[Exercise objective]
Your answer must be the exact lines from the one holding "Volvo XC40 B4" through the last line of the records below, with no pictures.
++++ Listed entries ++++
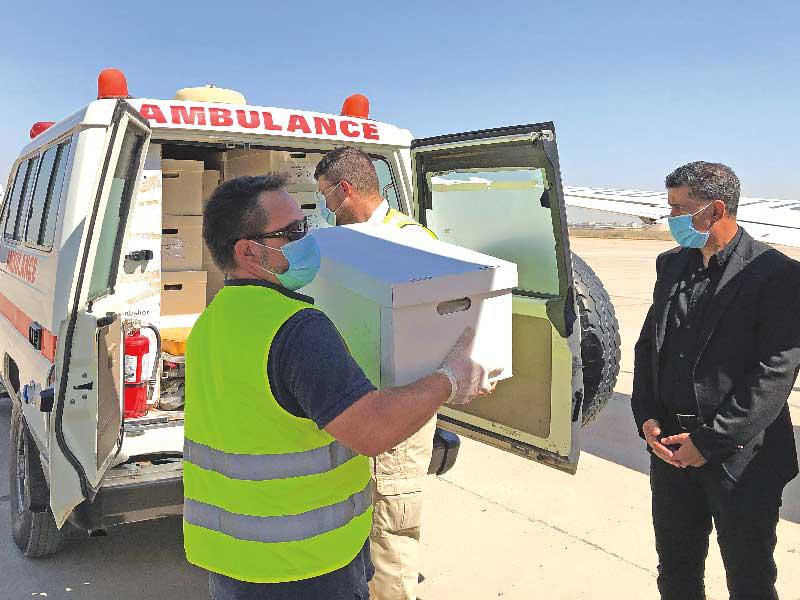 جانب من عملية نقل الرفات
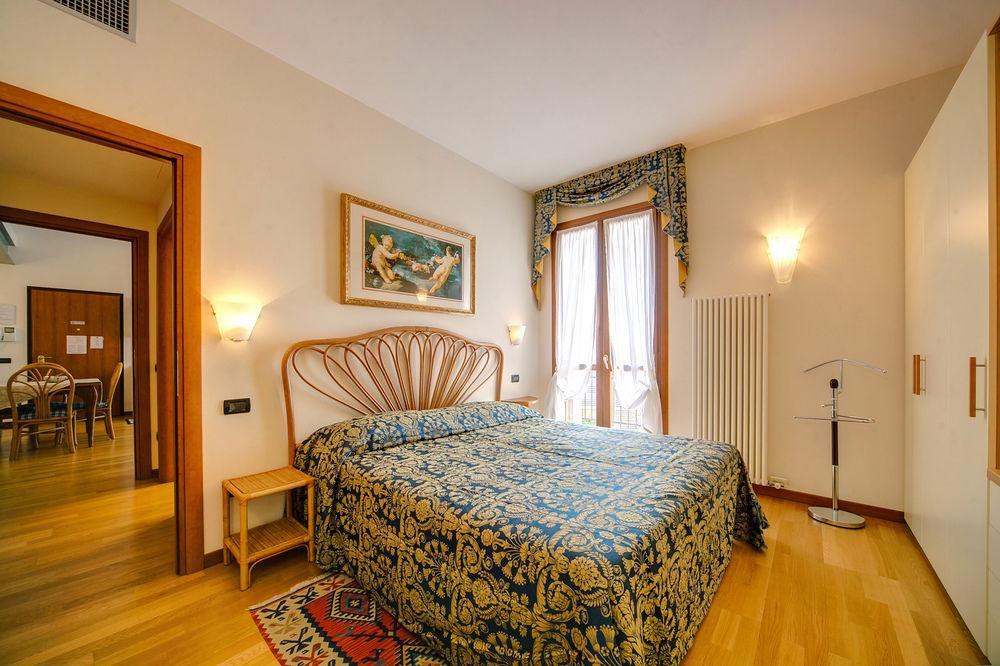 Palazzo Brando - Living Apartments Тревизо Екстериор снимка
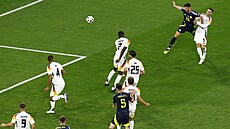 N�mecký obránce Antonio Rüdiger hlavi�kuje mí� do vlastní brány.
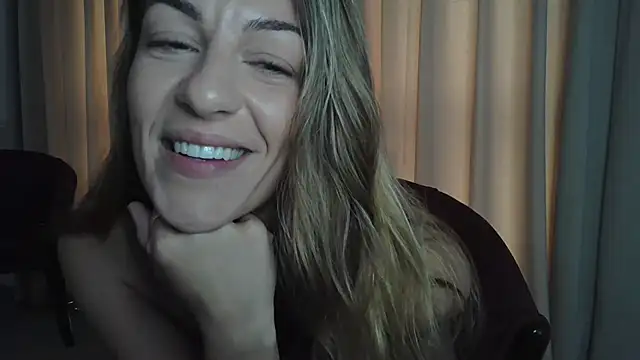 Snapshot of Edenfox- chatting on 03/22/25, 08:48 Edenfox- online show from 03/22/25, 08:48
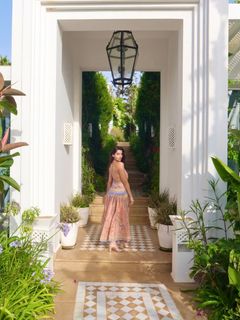 Nora Fatehi feet photo 7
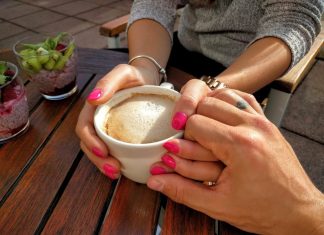 Decodificarea limbajului flirtului la barbati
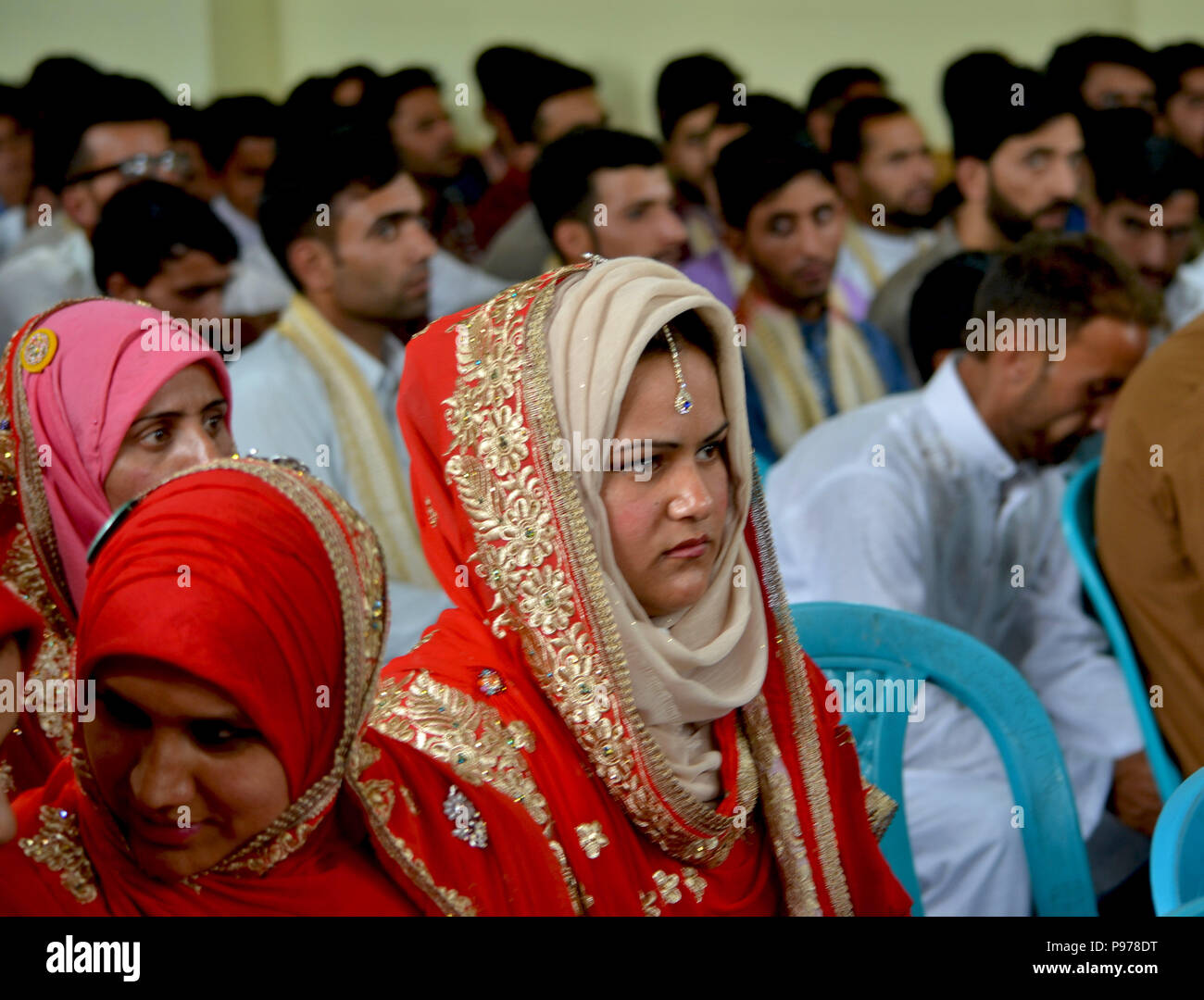 Muslim Bride High Resolution Stock Photography And Images Alamy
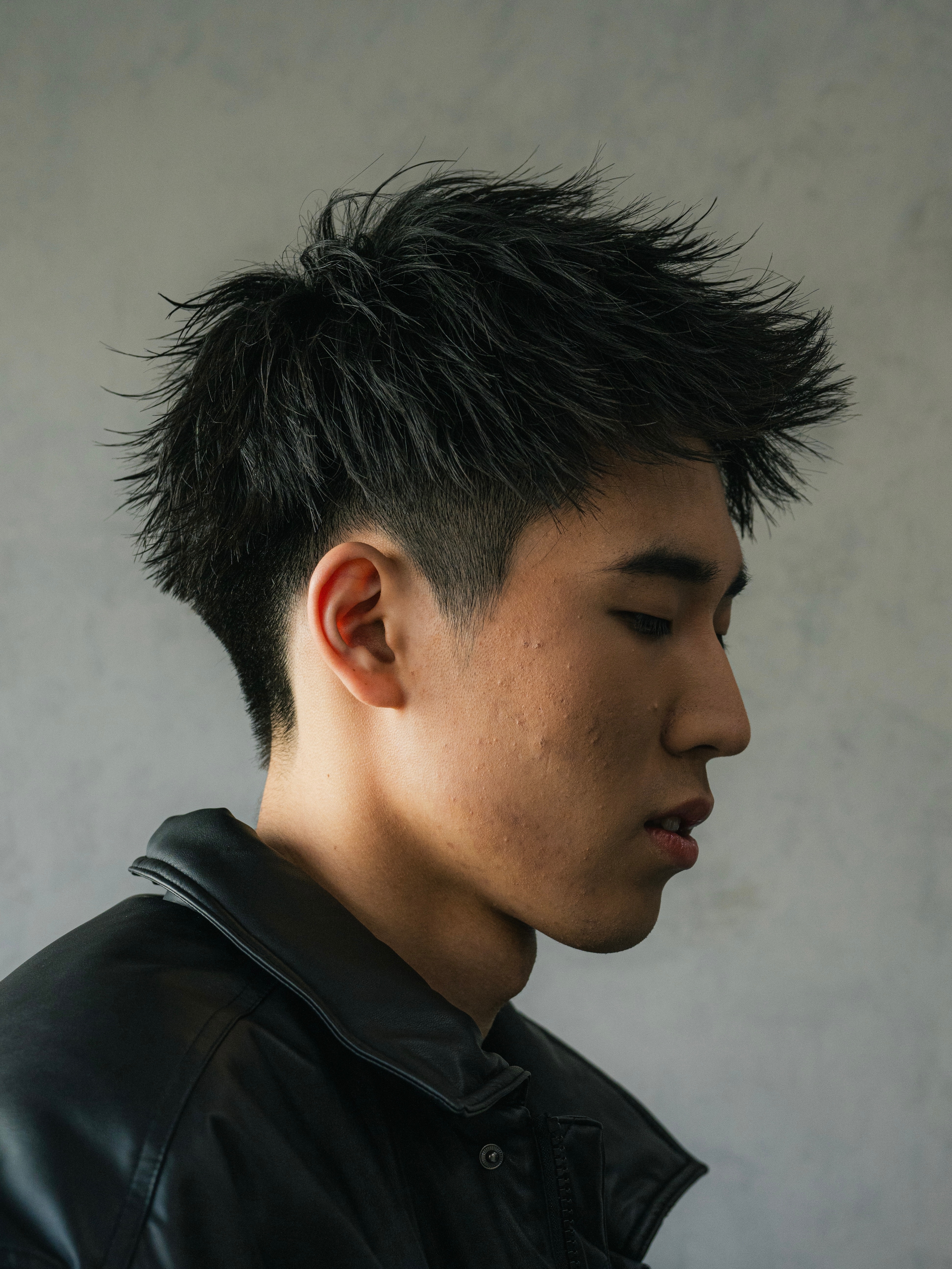 gao produced by revo【ガオ プロデュースバイレボ】のスタイル紹介。アップバング/短髪/ツーブロック/刈り上げ/ビシネス/社会人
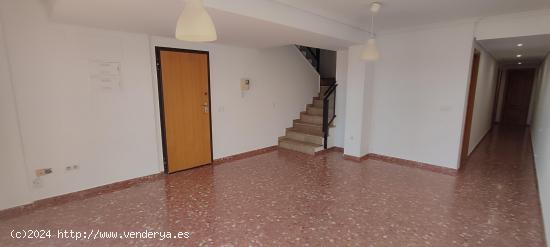 SE ALQUILA ATICO DUPLEX EN PAIPORTA - VALENCIA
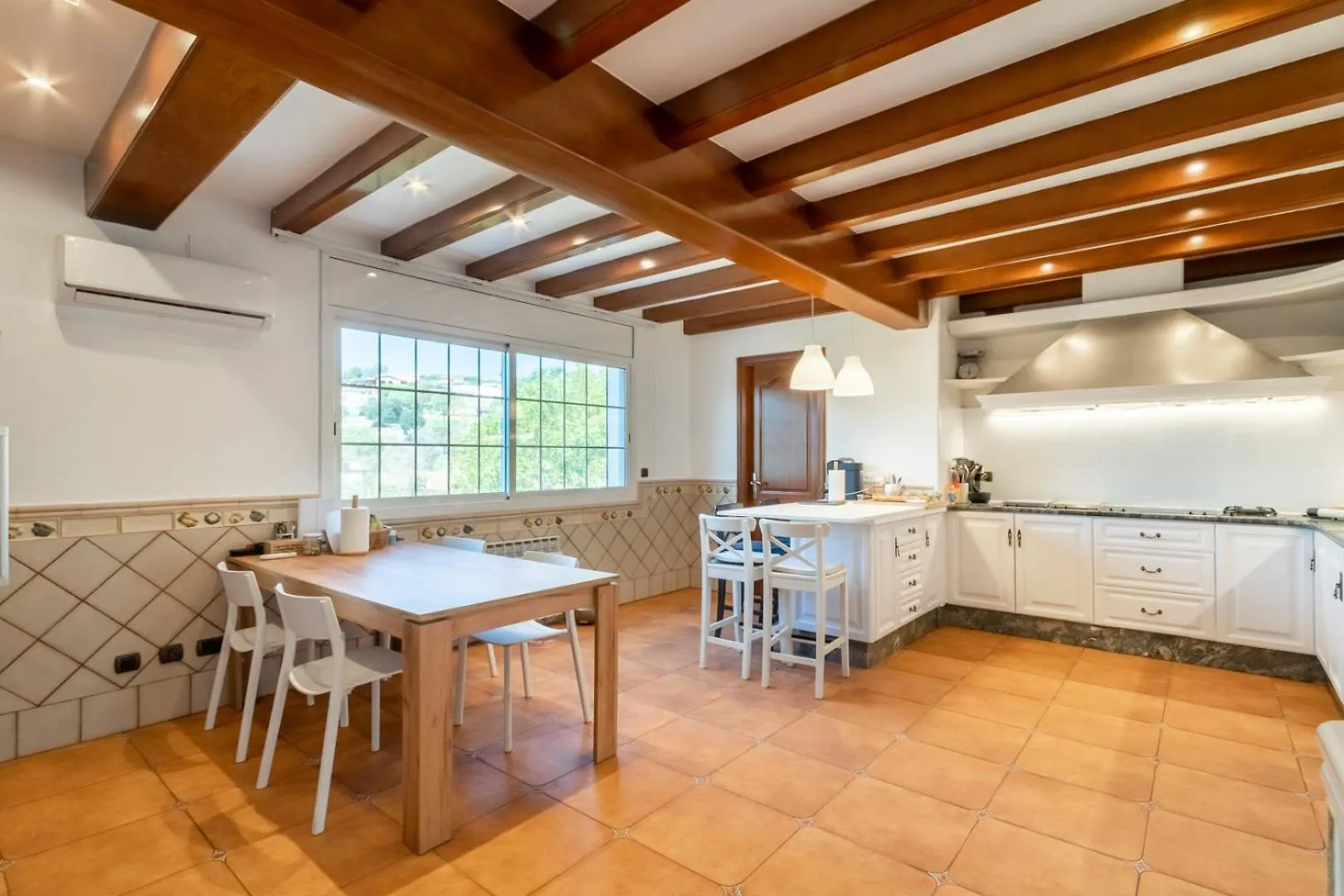 Large 5-Bed Villa, Mountain And Beach, At 30' From Barcelona Vallromanes Villa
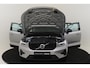 Volvo XC40 B4 (M-HYBRID) PLUS DARK -CAMERA|ADAP.CRUISE|VERW.VOORRUIT|TREKHAAK|HARMAN/KARDON|19"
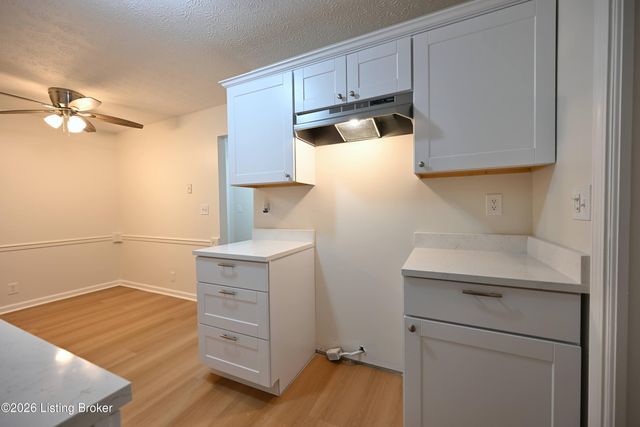 503 Forest Park Rd, Louisville, KY 40223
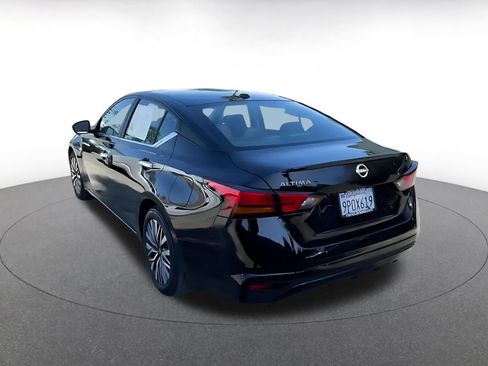 Used 2025 Nissan Altima 2.5 SV image 11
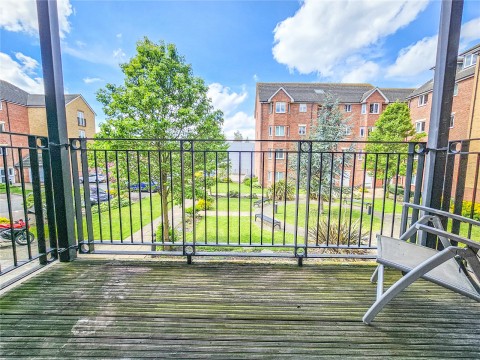 Click the photo for more details of London Road, 140 London Road, Romford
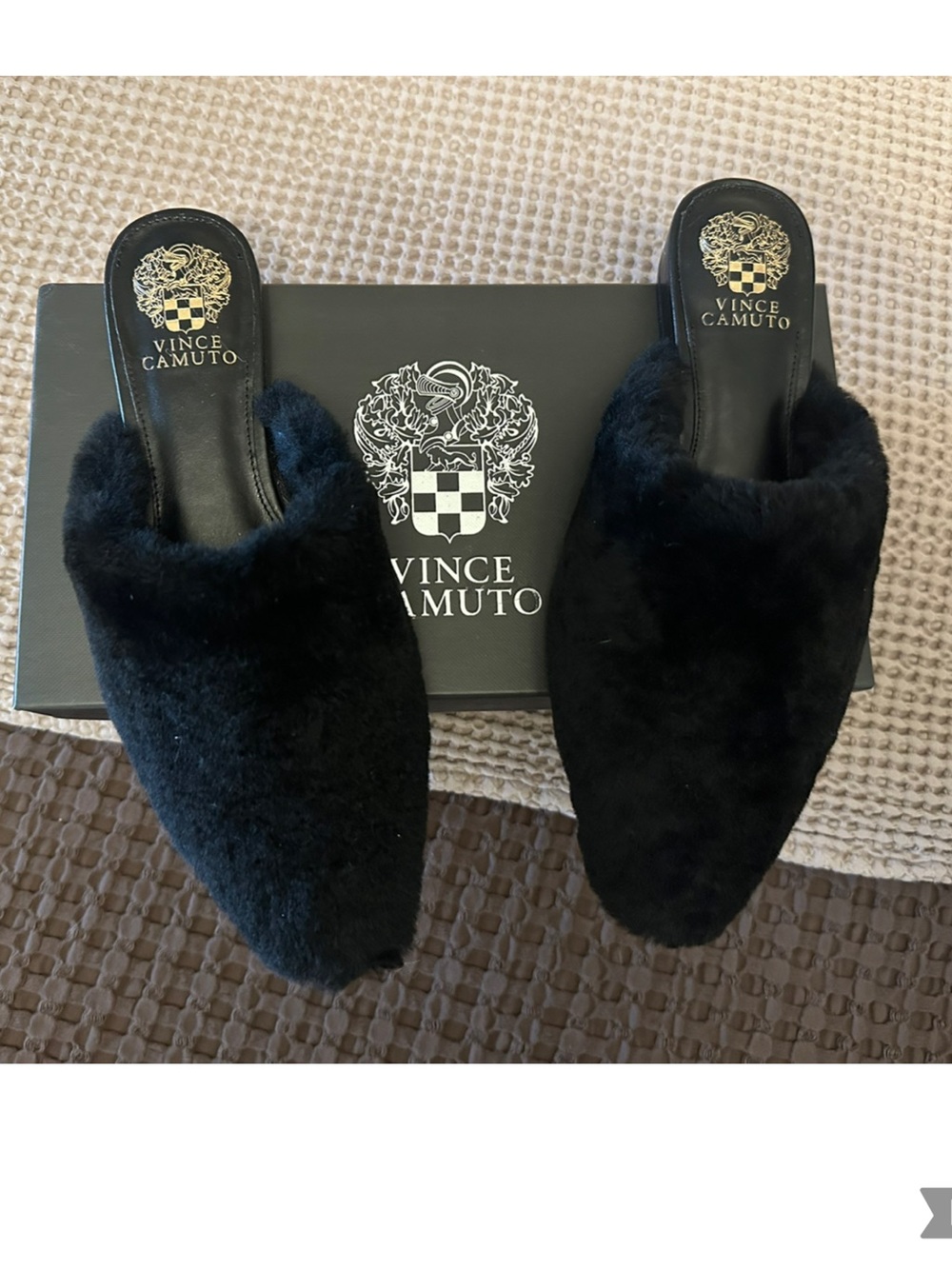 Vince Camuto Samara shearling mules new in box
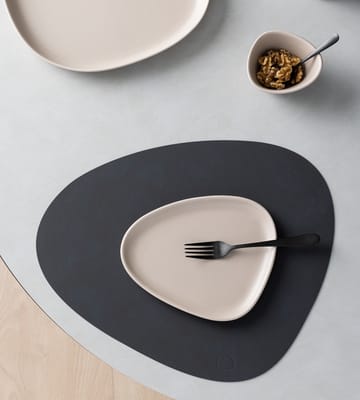 Talerz Curve Stoneware 19x22 cm - Piaskowy - LIND DNA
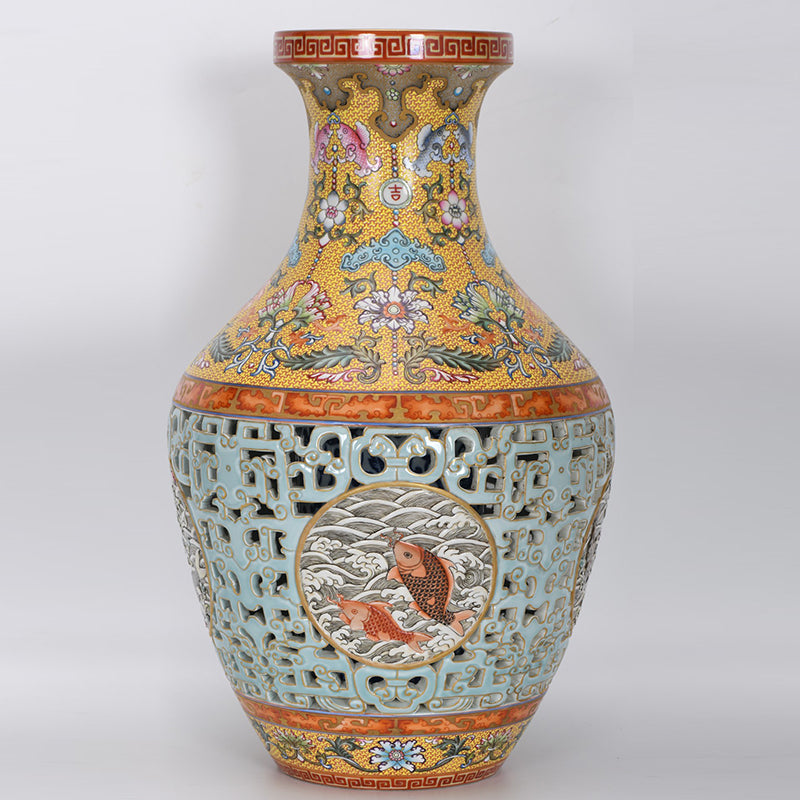 Chinese Antique Porcelain Enamel Colored Bottle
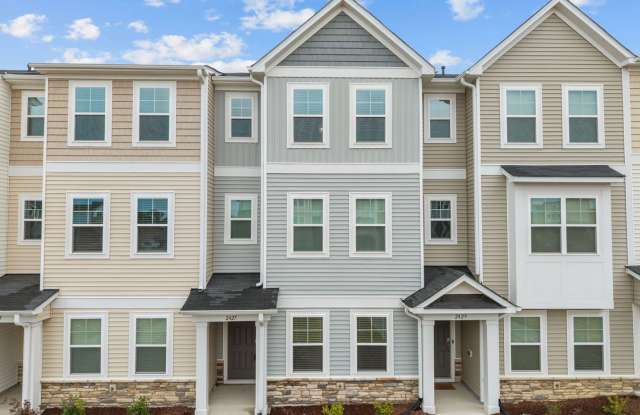 Raleigh Living Made Easy – 3BR Townhome w/ Amenities  Prime Location photos photos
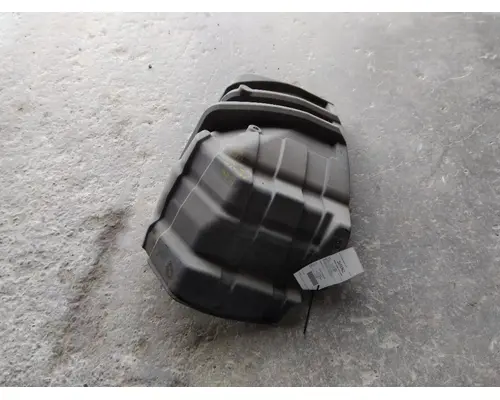 INTERNATIONAL LT FENDER, SPLASH SHIELDGUARD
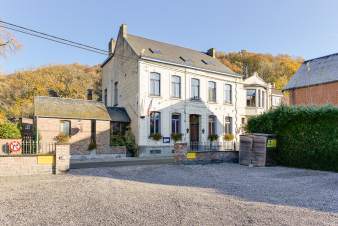 Holiday cottage in Walcourt for 23 persons in the Ardennes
++++
[Solution for this task]
 Volvo XC40 B4 (M-HYBRID) PLUS DARK -CAMERA|ADAP.CRUISE|VERW.VOORRUIT|TREKHAAK|HARMAN/KARDON|19"
 503 Forest Park Rd, Louisville, KY 40223
 Used 2025 Nissan Altima 2.5 SV image 11
 Click the photo for more details of London Road, 140 London Road, Romford
 Vince Camuto Samara shearling mules new in box
 Talerz Curve Stoneware 19x22 cm - Piaskowy - LIND DNA
 Chinese Antique Porcelain Enamel Colored Bottle
 Raleigh Living Made Easy – 3BR Townhome w/ Amenities  Prime Location photos photos
 INTERNATIONAL LT FENDER, SPLASH SHIELDGUARD
 Holiday cottage in Walcourt for 23 persons in the Ardennes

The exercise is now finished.